ACTION ITEM:
Beginning with the line that contains "Configure the HTTP/HTTPS", reproduce the remaining lines of the material exactly, up to and including the last one, but no pictures.

DATASET SECTION:

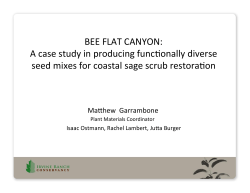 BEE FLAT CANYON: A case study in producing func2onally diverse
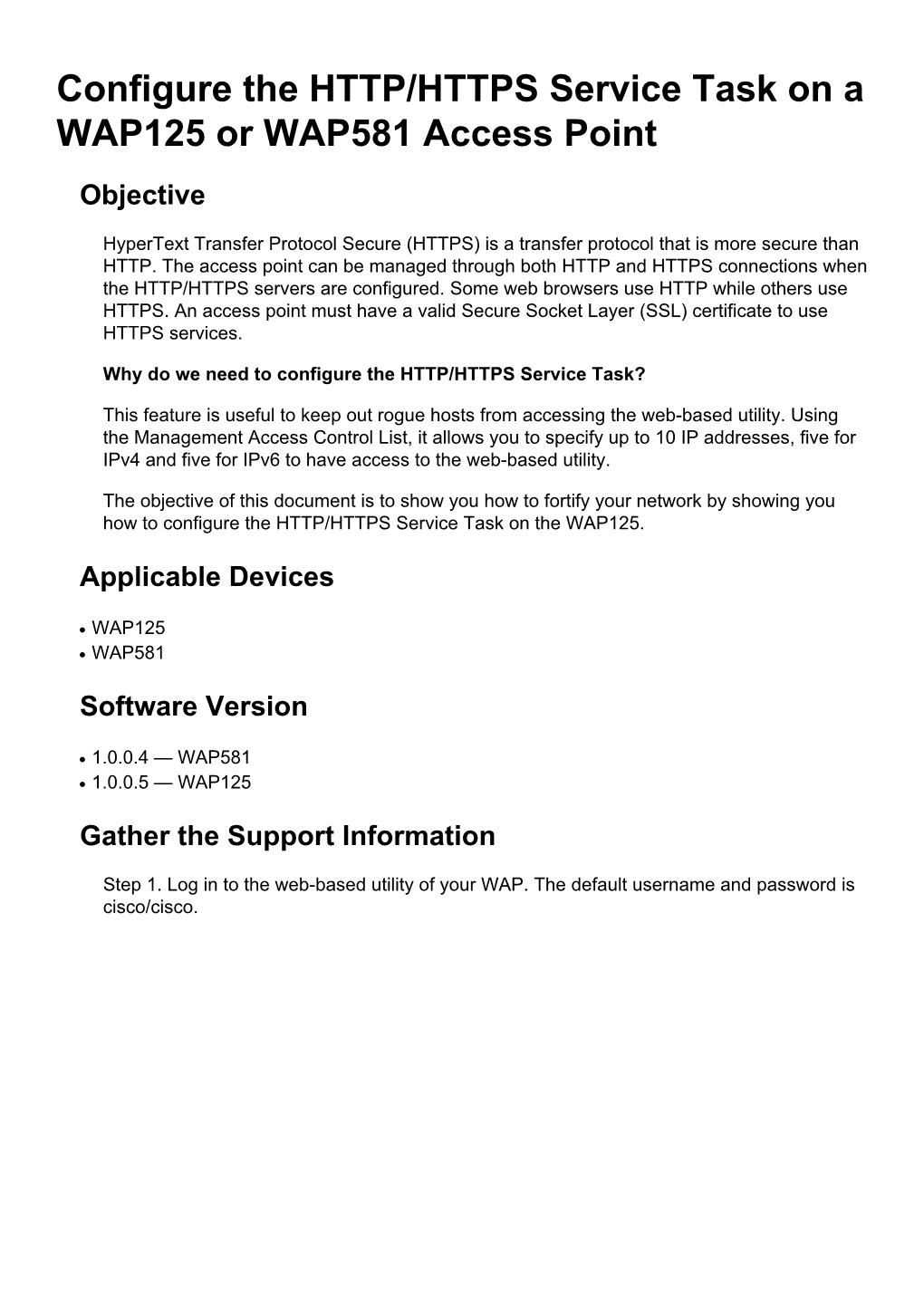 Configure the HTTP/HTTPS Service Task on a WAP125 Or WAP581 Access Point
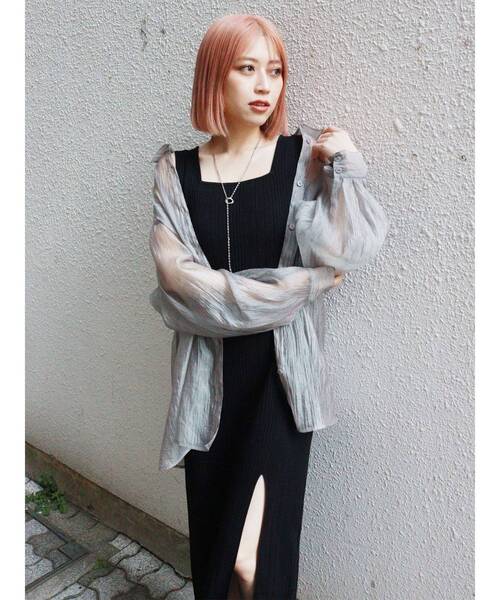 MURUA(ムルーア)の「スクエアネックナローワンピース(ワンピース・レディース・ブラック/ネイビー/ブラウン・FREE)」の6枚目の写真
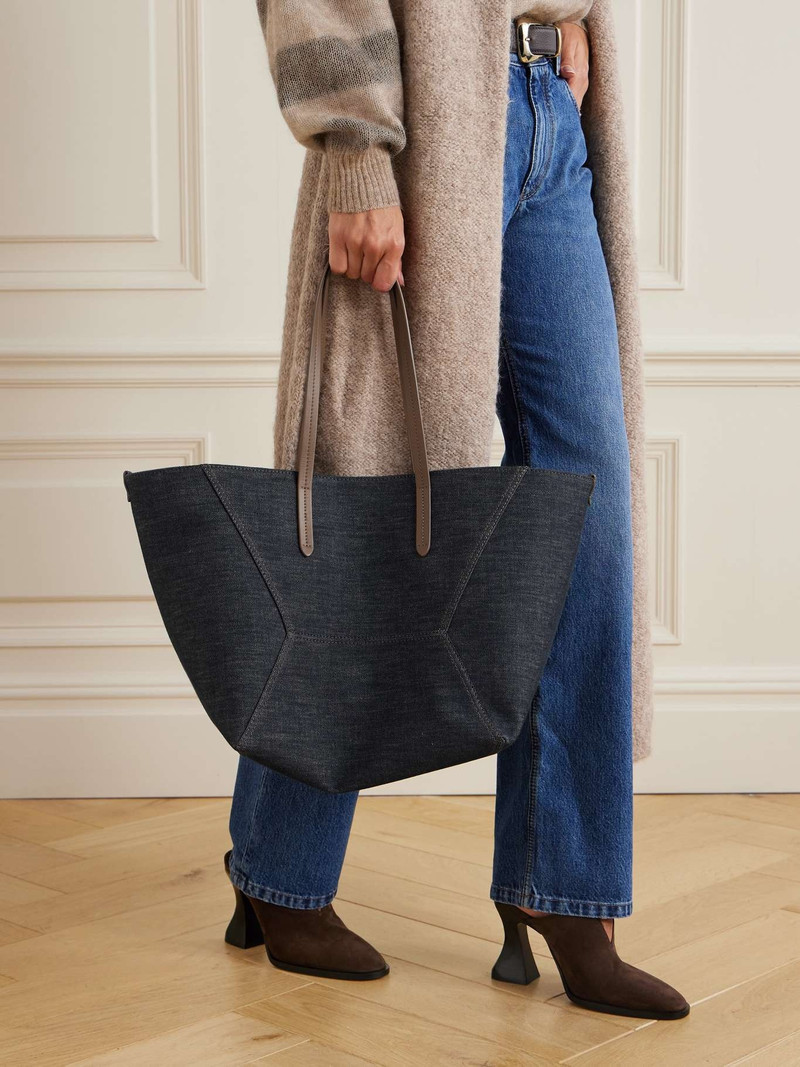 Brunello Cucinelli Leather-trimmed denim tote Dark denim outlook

RESPONSE:
 Configure the HTTP/HTTPS Service Task on a WAP125 Or WAP581 Access Point
 MURUA(ムルーア)の「スクエアネックナローワンピース(ワンピース・レディース・ブラック/ネイビー/ブラウン・FREE)」の6枚目の写真
 Brunello Cucinelli Leather-trimmed denim tote Dark denim outlook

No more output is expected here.